Well, it depends on what the editing principles were. What I mean is that it is quite possible that they have been both well edited and that such inconsistencies have been left unchanged. In fact, such inconsistencies are precisely one of the criteria for deciding whether a text is a composite. MN 111 is an obvious example: the text duplicates some of the jhāna factors. This must have been fairly obvious, yet they decided not to edit it out.
But to be a bit more specific, we find an inconsistency similar to the one at DN 21 at MN 47. Here the Buddha is first referred to as “the Tathāgata”, then as “this Venerable.” Apparently the version in Chinese has “this Venerable” throughout. It is hard to imagine that this obvious inconsistency is simply an oversight. I would suggest editorial policy is the most likely explanation.

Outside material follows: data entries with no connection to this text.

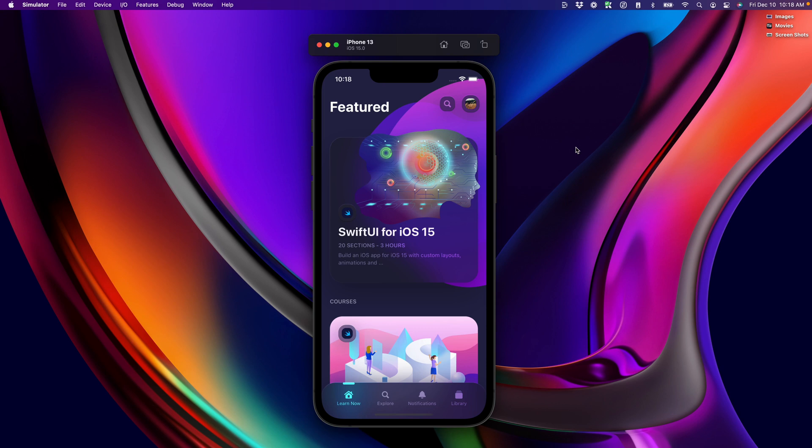Hi and welcome to session 29 of my SwiftUI for iOS 15 course. Today we're going to cover one of the most difficult techniques in iOS development and web development, and that is how to create a custom transition.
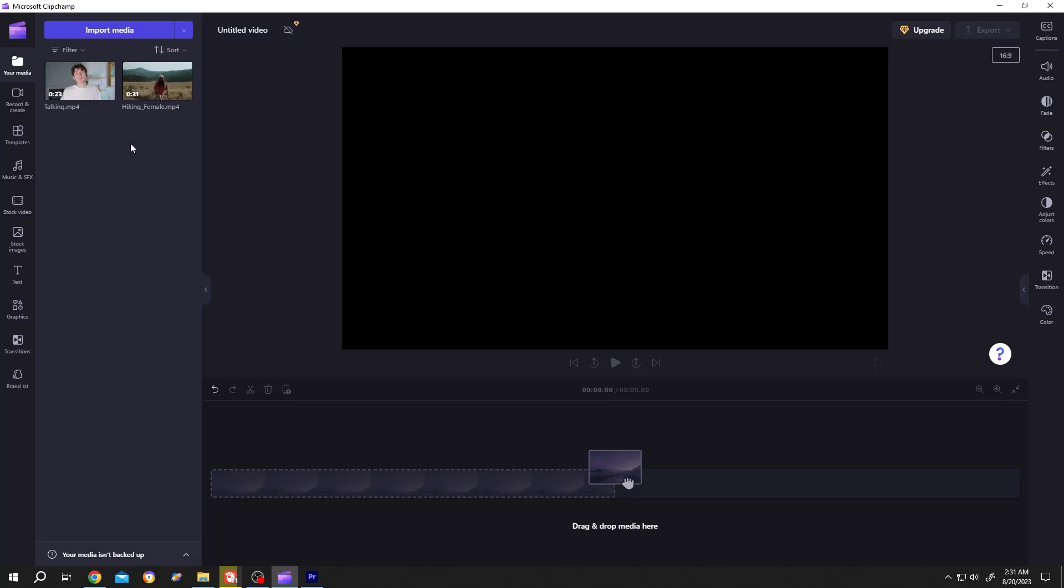So guys, it's really simple to overlay a video in Clipchamp. Kindly watch the full video or you may miss something.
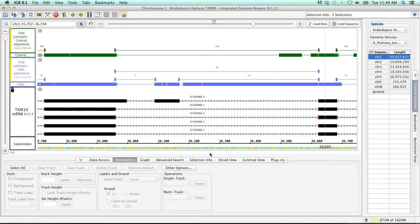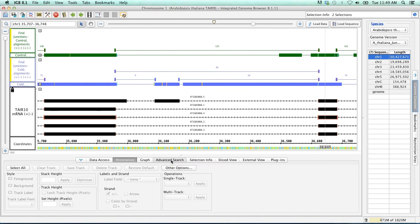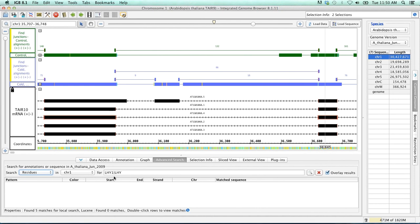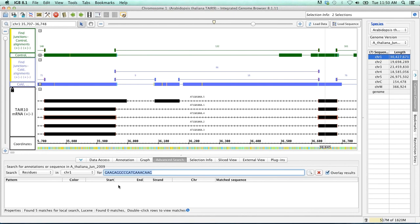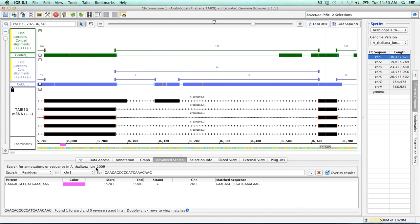Now, in order to search for primers or residues, we would use the Advanced Search tab. In the Advanced Search, go down to this Search drop-down box, select Residues. I'm just going to get rid of that. And then we're going to paste in our first forward primer and search. As you can see, IGBE has very quickly found it and located it within our left flanking exon.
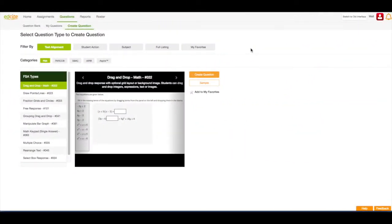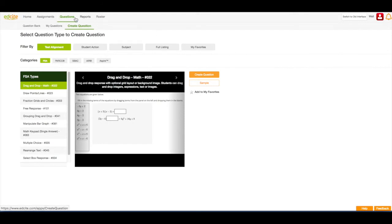I'm going to start off on my Create Question page. I know I'm on my Create Question page because questions and create questions in my top nav bar are in green font and underlined in green.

But don’t you think they would have needed an excuse to include this in the sutta? Drawing on “literary antecedents” is what you would expect in the Jātakas, but not in the EBTs. It seems to me that the EBTs are generally limited to real events, or what was perceived as real events. Perhaps this is an exception, but how can we be sure?

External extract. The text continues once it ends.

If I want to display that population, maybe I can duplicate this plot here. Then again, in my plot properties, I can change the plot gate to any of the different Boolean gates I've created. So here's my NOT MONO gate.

Well, the sutta itself says nothing about anāgāmīs (non-returners), but rebirth in the brahmāloka (the brahmā world) seems implied by the word “mind-made”: “having been reborn among a certain group of mind-made [deities] that transcend the company of devas that subsist on edible food.” Moreover, the description “accomplished in … wisdom” normally refers to stream-enterers. (In fact I am not aware that it can refer to anything else.) And any ariyan who gets reborn in the brahmā world is at the very least a jhānānāgāmī. (These are non-returners because of jhāna attainment, not the usual kind of non-returners who have eliminated the five lower fetters.) So it looks like case 3 is possible.
It seems to be commentarial. Yet if the suttas limit case 3 to the jhānānāgāmīs, then this very close to the commentarial position.